Upgrading from CDH 5.4.0 or Higher to the Latest Release
Use the instructions that follow to upgrade from CDH 5.4.0 or higher to the latest version of CDH 5.
To upgrade from CDH 5.4.0 or higher, proceed as follows.
- Step 1: Prepare the cluster for the upgrade
- Step 2: If necessary, download the CDH 5 "1-click" package on each host in your cluster
- Step 3: Upgrade the Packages on the Appropriate Hosts
- Step 4: In an HA Deployment, Upgrade and Start the JournalNodes
- Step 5: Start HDFS
- Step 6: Start MapReduce (MRv1) or YARN
- Step 7: Set the Sticky Bit
- Step 8: Upgrade Components
- Step 9: Apply Configuration File Changes if Necessary
Step 1: Prepare the cluster for the upgrade
- Put the NameNode into safe mode and save thefsimage:
- Put the NameNode (or active NameNode in an HA configuration) into safe mode:
$ sudo -u hdfs hdfs dfsadmin -safemode enter
- Perform a saveNamespace operation:
$ sudo -u hdfs hdfs dfsadmin -saveNamespace
This will result in a new fsimage being written out with no edit log entries.

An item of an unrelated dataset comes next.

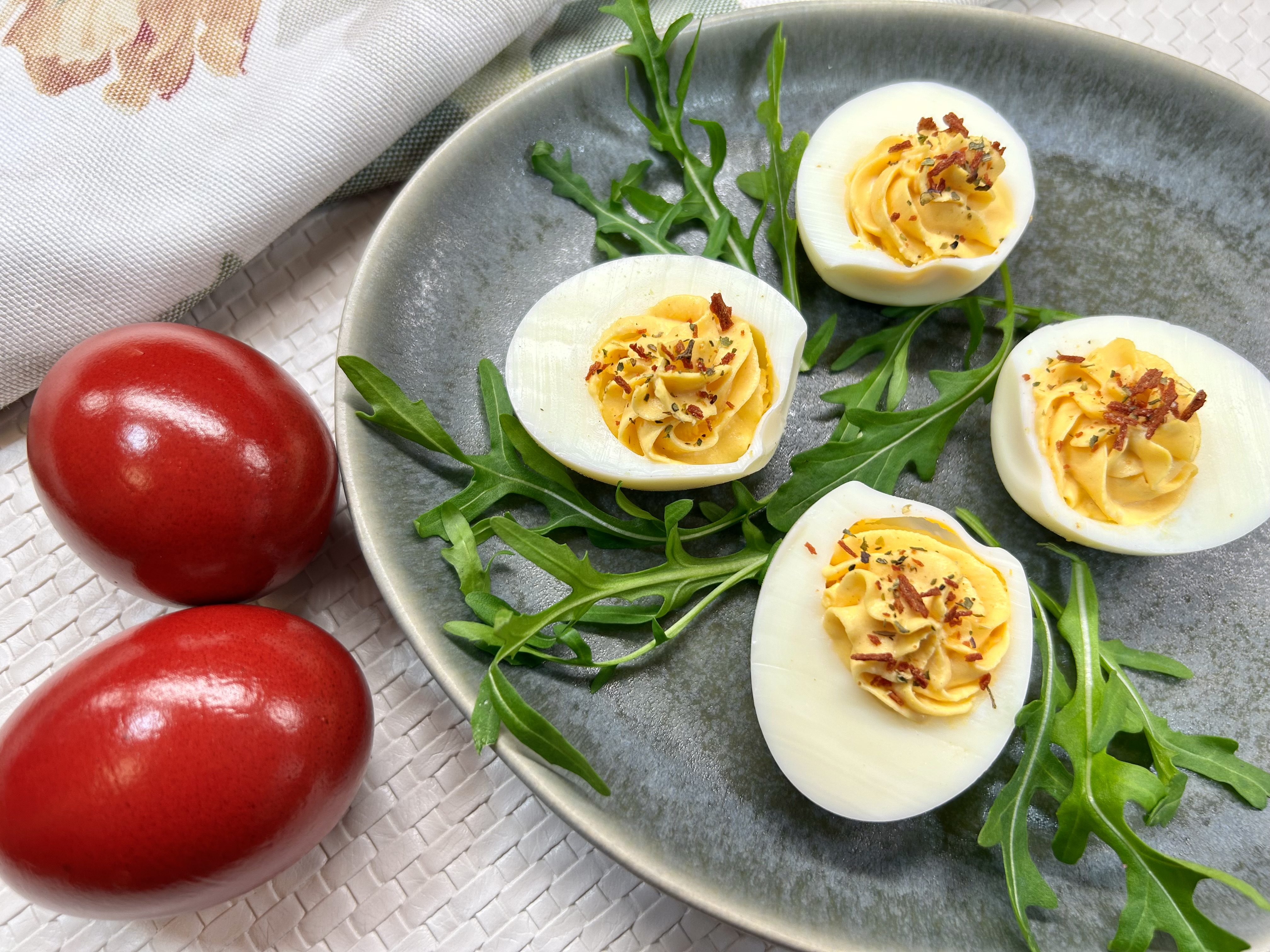 Gefüllte Eier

- With the NameNode still in safe mode, shut down all services as instructed below.
- Put the NameNode (or active NameNode in an HA configuration) into safe mode:
- Shut down Hadoop services across your entire cluster by running the following command on every host in your cluster:
$ for x in `cd /etc/init.d ; ls hadoop-*` ; do sudo service $x stop ; done
- Check each host to make sure that there are no processes running as the hdfs, yarn, mapred
or httpfs users from root:
# ps -aef | grep java
- Back up the HDFS metadata on the NameNode machine, as follows.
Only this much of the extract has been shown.